Bydgoszcz, a small city about three hours drive from Warsaw, offers a quaintly refurbished downtown, three universities, and the most pro-business climate of any city in Poland. Of 18 Polish cities examined in a new World Bank study, Doing Business in Poland 2015, Bydgoszcz topped the aggregate ranking. The report analyzes business regulations in four areas: starting a business, dealing with construction permits, registering property, and enforcing contracts.
The city’s mayor says that’s because he’s made a special effort to hire business-minded people to streamline the business permitting process.
“The thing is to be good to your investors, not just the big ones, but look at the investors you already have,” says Rafał Bruski, Bydgoszcz’s mayor. A few businesses often lead to more businesses, he says.
“If it’s a small investor, they often bring other work, and once one is here, others ask, is it a good place to work, and they say yes and the others will come.”
The Polish subsidiary of the American company SPX opened in Bydgoszcz about ten years ago, making pumps and pipes for food processing plants around the world. The SPX factory employs about 200 people in a sprawling industrial park just outside of the city.
“From the beginning, local authorities have been very helpful about construction permits and permits pertaining to the industrial and economic zone where we operate. We’ve gotten lot of support from the industrial center and from city authorities,” says Dariusz Młodzikowski, SPX’s production manager.

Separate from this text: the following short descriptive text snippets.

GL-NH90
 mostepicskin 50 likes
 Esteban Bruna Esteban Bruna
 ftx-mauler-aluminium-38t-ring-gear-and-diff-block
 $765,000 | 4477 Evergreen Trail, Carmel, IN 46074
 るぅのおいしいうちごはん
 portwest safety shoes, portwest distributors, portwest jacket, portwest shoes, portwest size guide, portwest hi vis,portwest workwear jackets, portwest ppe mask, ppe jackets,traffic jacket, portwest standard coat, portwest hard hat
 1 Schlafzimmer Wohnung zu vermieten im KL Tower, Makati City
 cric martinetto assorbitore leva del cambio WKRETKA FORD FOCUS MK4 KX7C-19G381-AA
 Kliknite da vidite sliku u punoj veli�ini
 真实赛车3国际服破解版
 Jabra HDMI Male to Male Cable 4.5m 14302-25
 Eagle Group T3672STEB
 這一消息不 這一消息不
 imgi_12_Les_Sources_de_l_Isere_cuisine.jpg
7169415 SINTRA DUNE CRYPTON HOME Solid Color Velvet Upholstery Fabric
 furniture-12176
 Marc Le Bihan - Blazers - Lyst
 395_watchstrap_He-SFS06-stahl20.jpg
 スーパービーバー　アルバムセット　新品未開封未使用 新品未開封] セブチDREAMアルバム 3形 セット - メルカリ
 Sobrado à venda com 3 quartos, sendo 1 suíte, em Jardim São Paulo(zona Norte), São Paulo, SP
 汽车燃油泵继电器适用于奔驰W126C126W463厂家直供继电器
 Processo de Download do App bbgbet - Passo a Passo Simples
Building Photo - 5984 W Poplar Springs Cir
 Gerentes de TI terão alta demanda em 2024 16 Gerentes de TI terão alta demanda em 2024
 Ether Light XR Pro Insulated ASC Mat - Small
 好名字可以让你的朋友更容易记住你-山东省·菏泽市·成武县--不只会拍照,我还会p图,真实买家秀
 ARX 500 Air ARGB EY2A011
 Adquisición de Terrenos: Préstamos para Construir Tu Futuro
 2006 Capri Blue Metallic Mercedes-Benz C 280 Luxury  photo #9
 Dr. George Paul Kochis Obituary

Robert Piątkowski, who works for Bydgoszcz’s Industrial and Technical Park, where the SPX factory is, agrees. He says the city has worked hard to make things work for companies like his.
“Bydgoszcz has qualified people, young people, a business-friendly atmosphere—the city helps, gives us exemptions on property taxes, the part that was outside the special economic zone has been included, they do a lot to help us do well.”